Questo legame con l’aspetto pedagogico ed educativo è sempre avvertito in maniera molto forte; il Museo di per sé non è sufficiente per mantenere in vita le arti applicate; serve una scuola. E questo istituto è la Regia Scuola per le Arti Decorative, fondata nel 1885 sotto forma privata e poi divenuta pubblica nel 1890 (l’attuale Istituto d’Arte [9]). Ecco il testo dell’autore: “La Scuola, nello stato attuale, non riesce a rispondere alle necessità della nostra città, che è la più fiorente nel Nord Italia per quanto attiene l’arte industriale. Le aule sono insufficienti, come pure le entrate e il numero delle lezioni. E’ nelle intenzioni del suo Consiglio Direttivo che sia dedicata particolare intenzione ai lavoratori adulti, per i quali un corso speciale abbreviato sarà della massima utilità per «renderli esecutori consapevoli sia per lo stile sia per la corretta interpretazione dei disegni e dei modelli». A tal fine, il sopra ricordato Museo darà sicuramente il suo contributo, grazie ai modelli numerosi, ben catalogati e più stimolanti di ogni altro. Rafforzerà lo studio diretto dei modelli, porrà un freno alle mania della sovraelaborazione […], risveglierà nel lavoratore il senso del limite, del buon gusto e della linearità delle forme”. (pp. 15-16) [10]. E’ una visione molto simile a quella che, nei secoli precedenti, aveva portato alla nascita delle Accademie, con l’unica differenza che, mentre in quel caso ci si riferiva alle Belle Arti (in particolar modo alla pittura), qui stiamo parlando di arti applicate.

Naturalmente Bologna’s Applied Arts and Crafts può apparirci oggi come una pura curiosità, o come un volume in cui il ceto possidente ed erudito della città si autorappresenta (con qualche velleità internazionale); difficile negarlo.

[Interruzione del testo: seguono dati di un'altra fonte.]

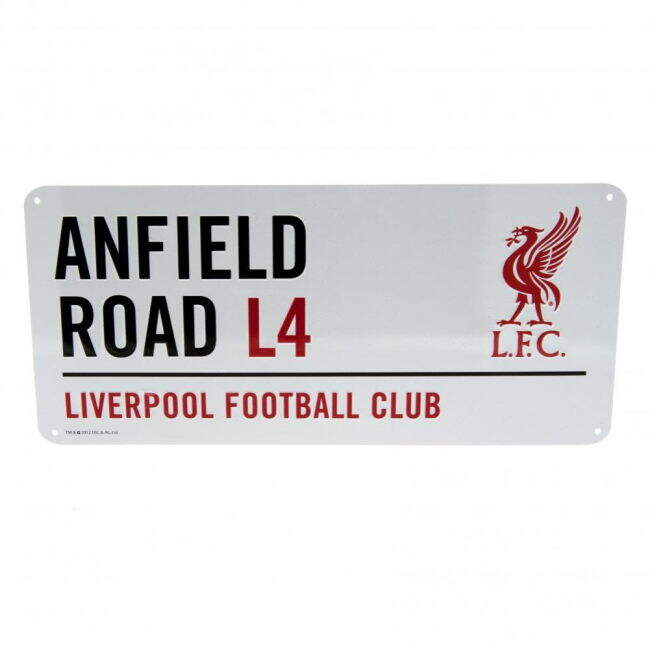 classic Liverpool FC White Street Sign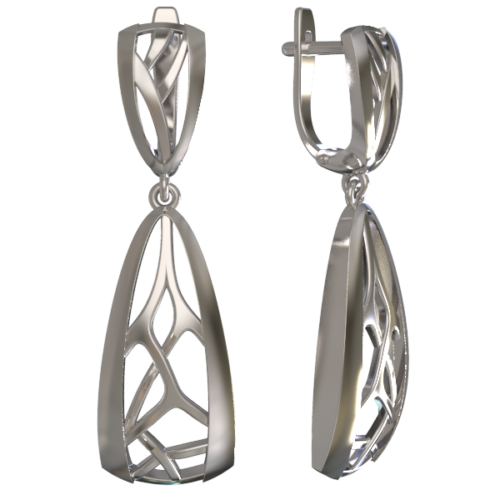 Серьги подвесные из серебра 925 пробы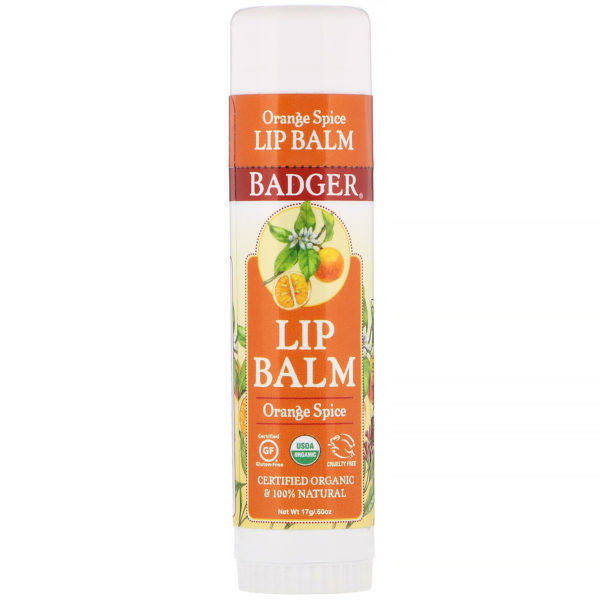 Badger Company, Bálsamo labial, Naranja picante, 17 g (0,60 oz)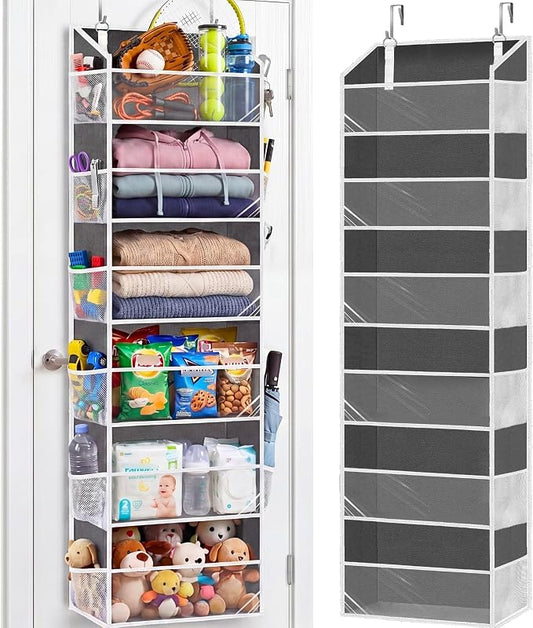 Over Door Organizer with 6 Large Pockets | 6 Transparent Front Pockets & 12 Mesh Side Pockets, 80 lbs Weight Capacity Hanging Storage for Toys, Shoes, Diapers, Pantry by Ofiray-home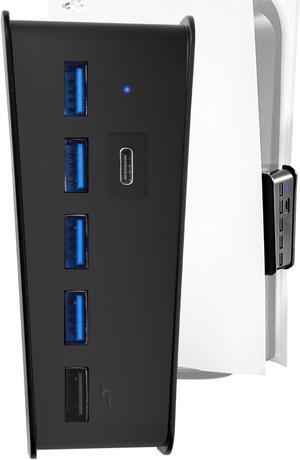 Multiport USB Hub for PS5 Console, Joso High-Speed Expands Game Console Ports Adapter with 5 Port USB Hub and Fast Charging Splitter for PlayStation 5 Dualsence Game Console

Resta il fatto che ci permette anche di avere una fotografia, edulcorata sì, ma tutto sommato abbastanza fedele delle maniere in cui la grande passione per le arti industriali si andò declinando a Bologna nei primi decenni del Novecento; e che una visita al Museo Davia Bargellini aiuterebbe a meglio comprendere. 



NOTE



[3] Si veda Antonio Paolucci, Liberty. Uno stile universale in Liberty Uno stile per l’Italia moderna. Catalogo a cura di Fernando Mazzocca, Cinisello Balsamo, Silvana Editoriale, 2014.

[4] Il testo è in inglese. La traduzione in italiano è mia.

[5] Nicoletta Barberini, La manifattura Aldrovandi, Bologna, 1996.